Post Budget: trading rules
We can also make money in the weeks following the Budget just by following a few hard and fast rules.
Mr Schwartz points out that when share prices move markedly in one direction or another (outside the range of minus 0.5 per cent to 0.9 per cent) on Budget day and the following day, this is a great signal that the market will be higher 14 trading days later. For example, the UK stock market surged ahead by 1.1 per cent on these two days in March 2007, giving a major buy signal to investors. The index then rose by 1.7 per cent over the next 14 trading days, boosting the coffers of investors privy to these little-known trading patterns.
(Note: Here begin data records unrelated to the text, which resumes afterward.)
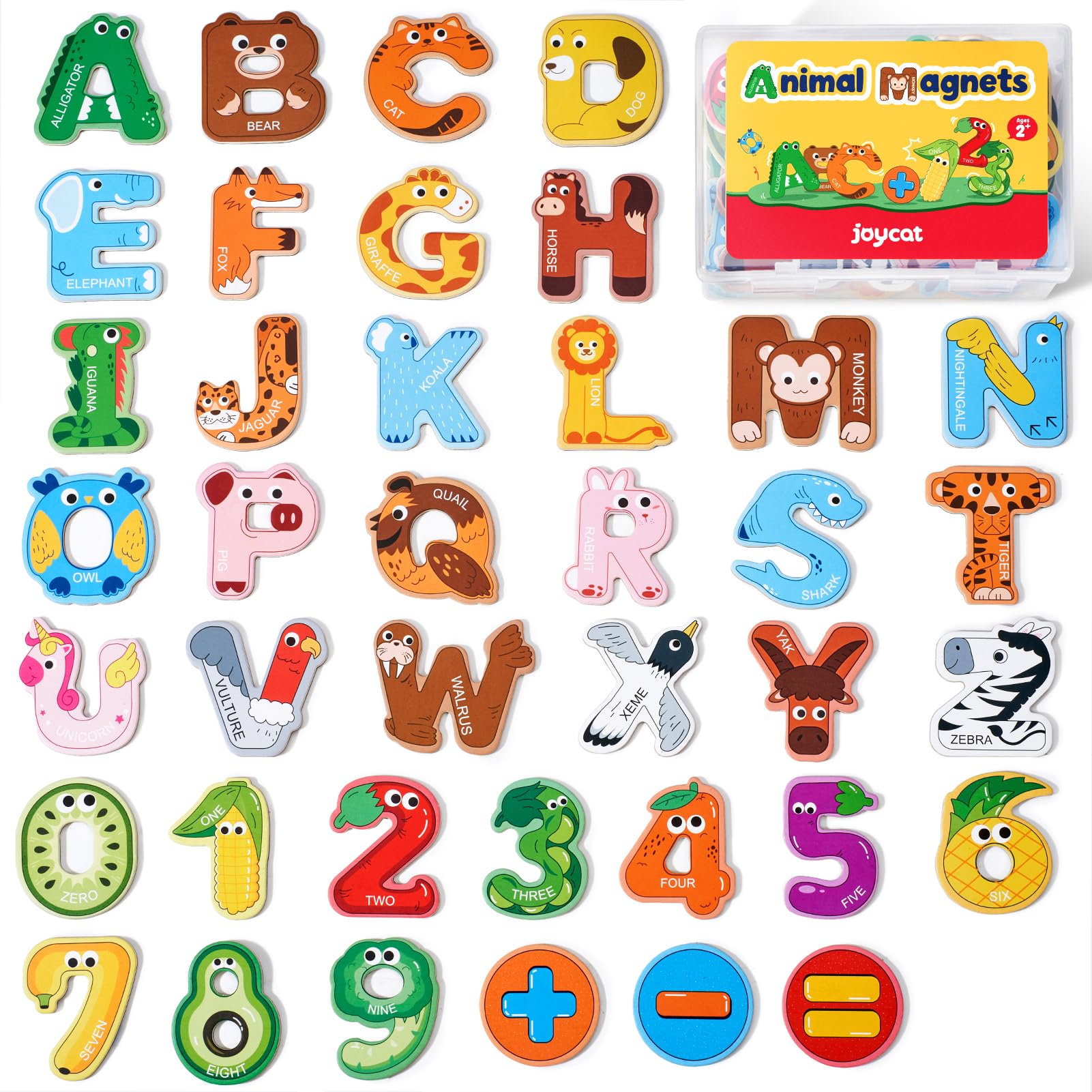 JoyCat Wooden ABC Magnets for Toddlers - 36 Uppercase Letters & Numbers for Fridge Learning & Spelling - Preschool Educational Toy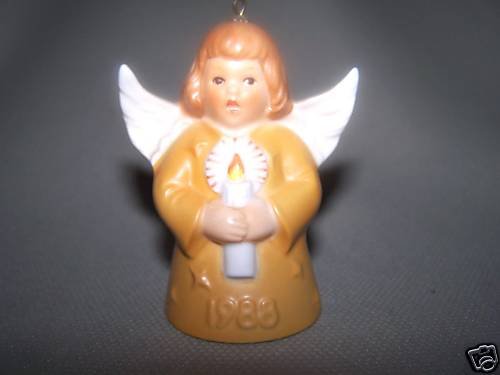 GOEBEL Annual Angel Bell 1988 Christmas Ornament Yellow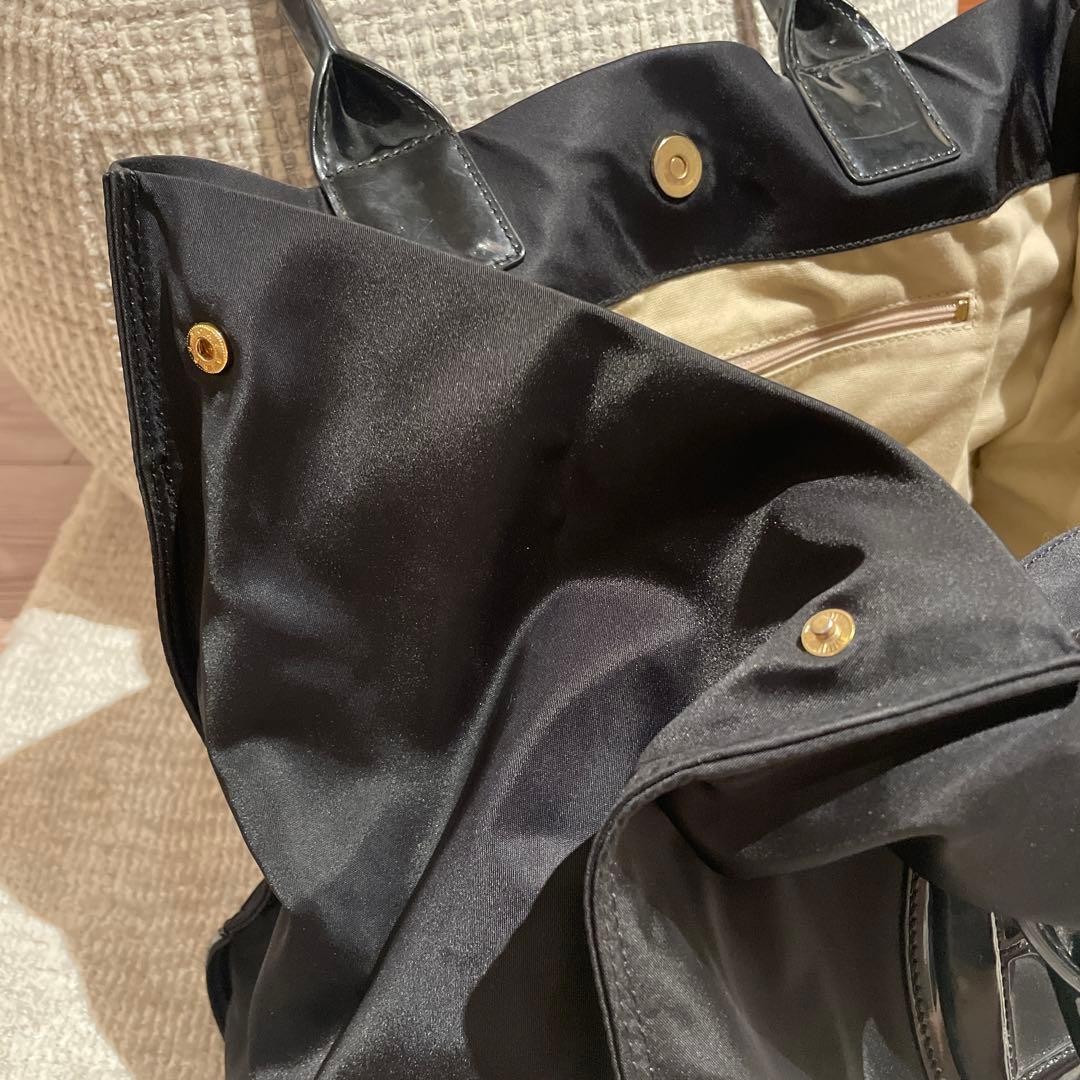 Tory Burch Ella Tote Bag Handbag Nylon Leather Black Women's From Japan thumbnail 14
This was not a one-off, either, as there have been 22 years since 1970 when the UK market has either risen more than 0.9 per cent or fallen by more than 0.5 per cent on Budget day and the day after. Amazingly, 90 per cent of the time the FTSE All-Share was higher 14 trading days later.
Reasons why this happens
It is relatively easy to explain why share prices behave in this manner. First of all, a favourable reaction to the Budget from investors is likely to mean that sentiment will remain positive in the weeks after the Budget, and significantly increases the odds that share prices will rise in the subsequent 14-day trading period.
Alternatively, if share prices have fallen too much following the Budget then it is quite possible that investors have been too harsh in their initial reaction. There is then scope for the market to bounce back as it has done so regularly in the past four decades.
Trading Strategy: post-Budget trade
If the UK market has either risen by more than 0.9 per cent or fallen by more than 0.5 per cent on Budget day and the day after, then it is worth buying the FTSE 100 again to try and profit from upside during the next 14 trading days. Remember, in the past four decades 90 per cent of the time when prices have traded in these ranges the market was higher 14 trading days later.